GAO found that the agencies’ CDM tools collected required information on the time a vulnerability was first detected, but had not collected the time a vulnerability was remediated.
FAA used CDM tools to collect information about the first time a vulnerability was detected but not the time it was remediated. Agency CDM staff stated that the integrator would need to make changes to how the CDM tools recorded vulnerability information. The staff further stated that the time of remediation information was unreliable.
IHS used CDM tools to collect information about the first time a vulnerability was detected, but it did not collect information on the time that a vulnerability was remediated. IHS CDM staff stated that the agency lacked system storage necessary to retain vulnerability remediation information.
SBA used CDM tools to collect information on the time a vulnerability was first detected but not the time it was remediated. Agency staff stated that the integrator’s CDM solution did not provide a mechanism to capture this information.
To address the shortcomings found in the review, GAO makes a number of recommendations in its August 18 report, including six to the Department of Homeland Security:
- Ensure that integrators’ solutions provide unique identifiers for hardware on selected agencies’ networks.
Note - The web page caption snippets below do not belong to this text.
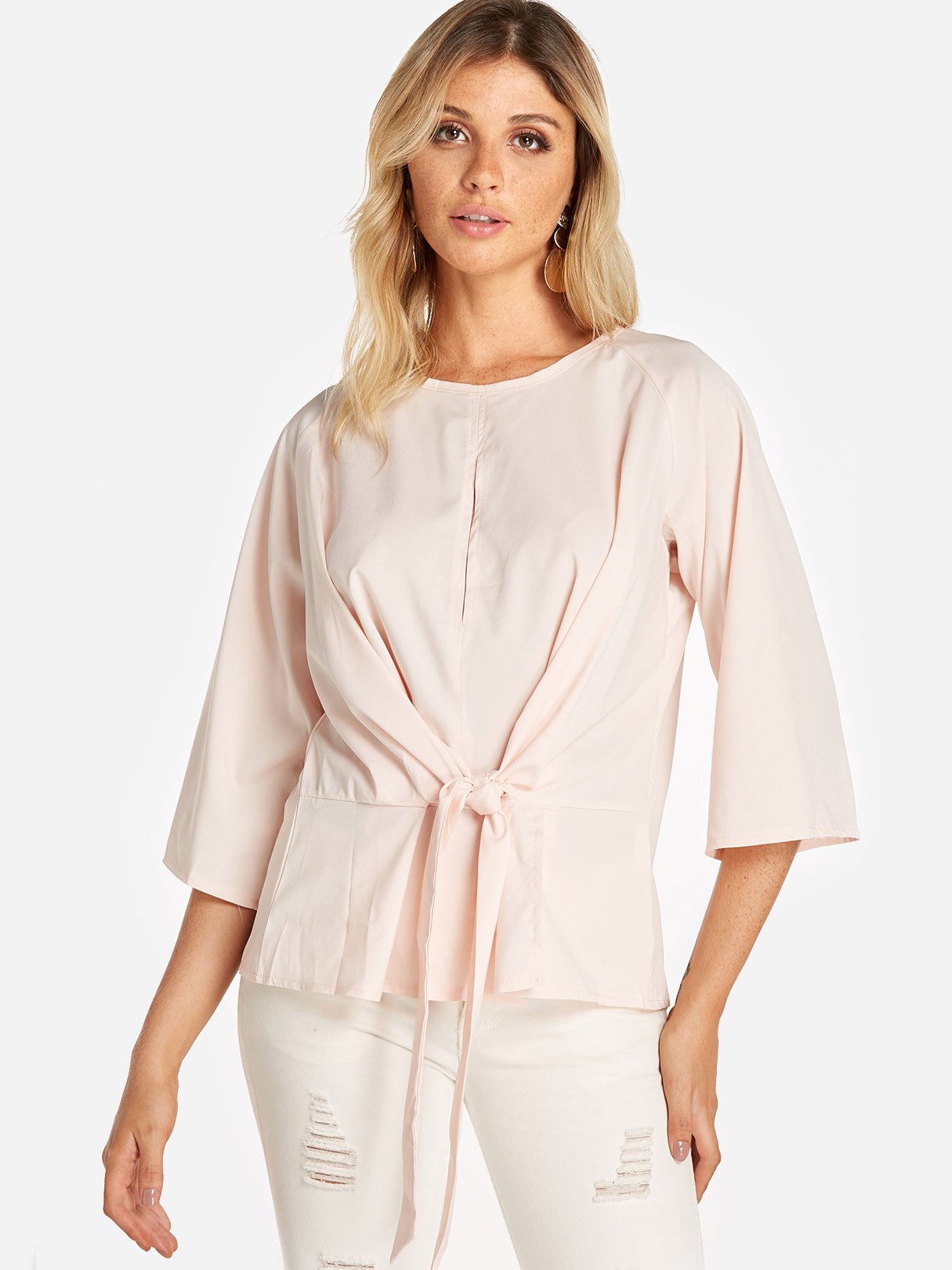 Wholesale Round Neck Plain Lace-Up 3/4 Sleeve Blouses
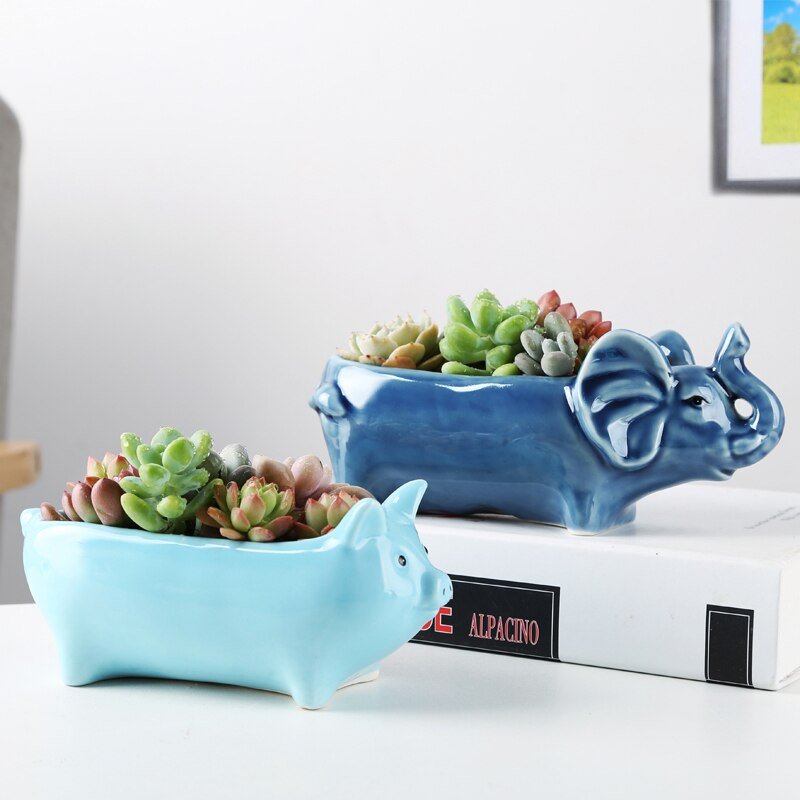 Cute Flower Pots - Alpacas, Elephants, and Pigs! - High Street Cottage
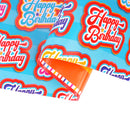 30" x 10' Reversible Holiday Wrapping Paper | Bubble Font Happy Birthday/Patterned Stripes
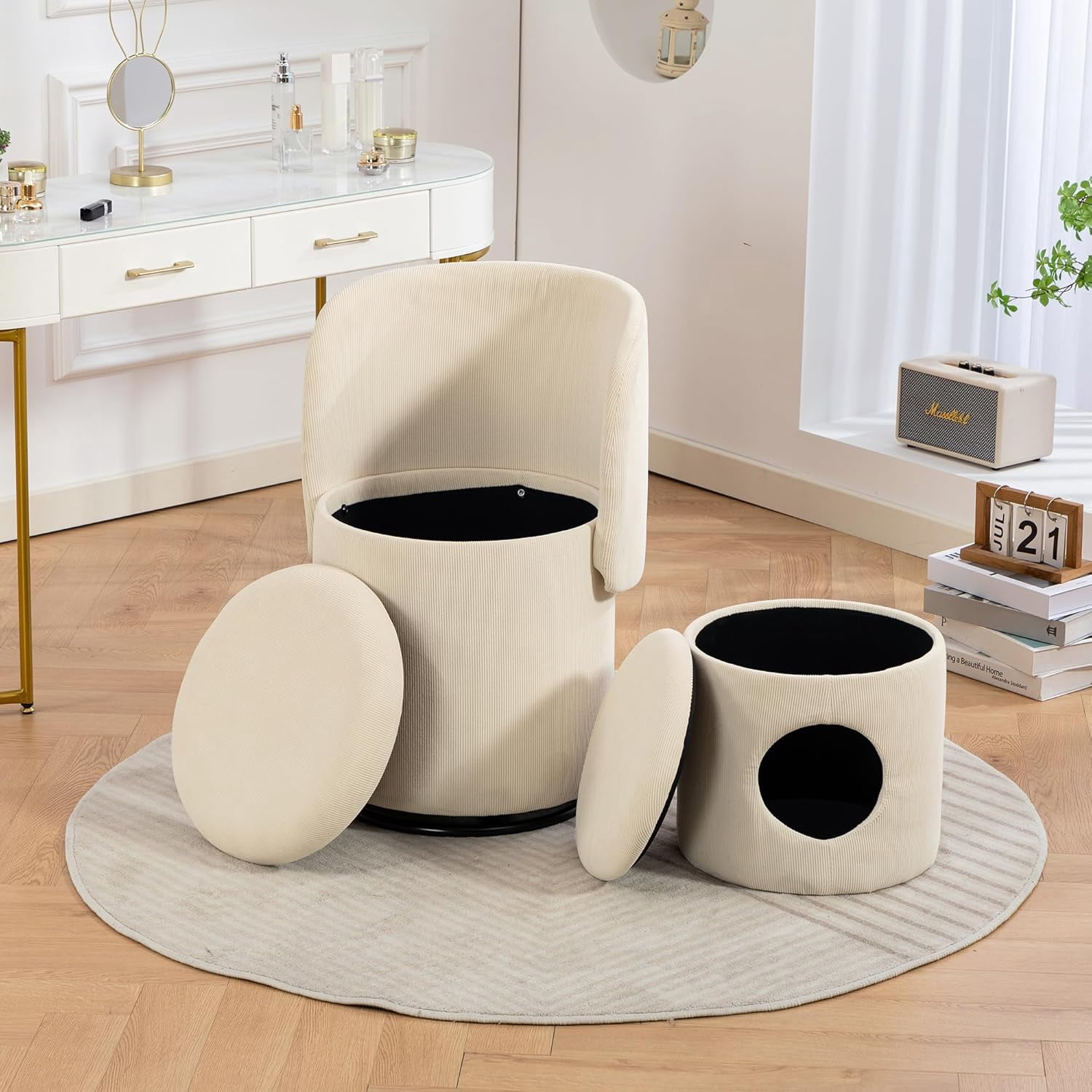 Corduroy 360° Rotating Storage Barrel Chair with Removable Cat Bed Footstool for Vanity, Dressing Table & Dining Room, Living Room Accent Chair with Pet-Friendly Design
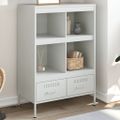 vidaXL Vysoká skrinka biela 68x39x101,5 cm oceľ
- Ensure that FAA’s system integrator records FISMA system information in the agency’s CDM tools.
- Ensure that IHS’s system integrator records FISMA system information in the agency’s CDM tools.
- Ensure that FAA’s system integrator establishes a process to integrate all vulnerability information in the agency’s CDM tools, including the time a vulnerability was remediated.
- Ensure that IHS’s system integrator establishes a process to integrate all vulnerability information in the agency’s CDM tools, including the time a vulnerability was remediated.
- Ensure that SBA’s system integrator establishes a process to integrate all vulnerability information in the agency’s CDM tools, including the time a vulnerability was remediated.
DHS concurs with all six recommendations and stated that it intends to meet these by June 30 2021.
The remaining recommendations were made to the three agencies covered in GAO’s technical review. The watchdog recommends that:
- FAA and SBA should commit to a time frame to complete the agency’s effort to associate hardware with its FISMA systems.
- IHS should document approved hardware inventory information by associating FISMA systems with the hardware on its network in a format that can be readily integrated into its CDM tools.
- All three agencies should document agency-specific variations from federal core configuration benchmarks for each operating system on their networks.
- All three agencies should configure their CDM tools to compare configuration settings against federal core benchmarks and agency specific variations applicable to their environment.
All three agencies concurred.
Overall, the agencies told GAO they had identified various challenges to implementing the CDM program, including overcoming resource limitations and not being able to resolve problems directly with contractors. GAO found DHS had taken numerous steps to help manage these challenges, including tracking risks of insufficient resources, providing forums for agencies to raise concerns, and allowing agencies to provide feedback to DHS on contractor performance.
Despite these actions, GAO concluded that without further assistance from DHS in helping agencies overcome implementation shortcomings, the program—costing billions of dollars— will likely not fully achieve expected benefits.